#### DATASET EXTRACT
========================================
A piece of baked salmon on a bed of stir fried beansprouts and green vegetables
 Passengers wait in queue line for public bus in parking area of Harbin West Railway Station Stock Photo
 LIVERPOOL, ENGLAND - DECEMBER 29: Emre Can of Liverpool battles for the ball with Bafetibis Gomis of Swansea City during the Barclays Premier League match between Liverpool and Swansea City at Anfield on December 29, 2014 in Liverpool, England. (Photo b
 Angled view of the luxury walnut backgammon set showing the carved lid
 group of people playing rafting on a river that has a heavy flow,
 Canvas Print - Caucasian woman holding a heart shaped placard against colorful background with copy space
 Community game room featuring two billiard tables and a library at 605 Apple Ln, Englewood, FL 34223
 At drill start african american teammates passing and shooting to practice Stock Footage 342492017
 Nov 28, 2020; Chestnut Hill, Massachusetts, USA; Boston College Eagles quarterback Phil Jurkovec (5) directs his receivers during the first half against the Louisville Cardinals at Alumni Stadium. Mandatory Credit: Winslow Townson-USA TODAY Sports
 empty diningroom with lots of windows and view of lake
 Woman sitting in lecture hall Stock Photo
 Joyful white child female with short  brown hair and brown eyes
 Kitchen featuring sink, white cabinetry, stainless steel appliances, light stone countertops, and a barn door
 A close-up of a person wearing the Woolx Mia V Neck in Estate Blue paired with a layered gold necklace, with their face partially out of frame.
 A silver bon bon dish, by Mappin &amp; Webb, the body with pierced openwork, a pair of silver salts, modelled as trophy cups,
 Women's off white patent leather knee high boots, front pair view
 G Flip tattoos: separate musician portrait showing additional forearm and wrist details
========================================
#### ACTIVITY
In the listing above, find the line with "Community game room" and the line with "A close-up of", then print exactly those two lines and every line between them, and nothing more.

#### TASK RESULT
 Community game room featuring two billiard tables and a library at 605 Apple Ln, Englewood, FL 34223
 At drill start african american teammates passing and shooting to practice Stock Footage 342492017
 Nov 28, 2020; Chestnut Hill, Massachusetts, USA; Boston College Eagles quarterback Phil Jurkovec (5) directs his receivers during the first half against the Louisville Cardinals at Alumni Stadium. Mandatory Credit: Winslow Townson-USA TODAY Sports
 empty diningroom with lots of windows and view of lake
 Woman sitting in lecture hall Stock Photo
 Joyful white child female with short  brown hair and brown eyes
 Kitchen featuring sink, white cabinetry, stainless steel appliances, light stone countertops, and a barn door
 A close-up of a person wearing the Woolx Mia V Neck in Estate Blue paired with a layered gold necklace, with their face partially out of frame.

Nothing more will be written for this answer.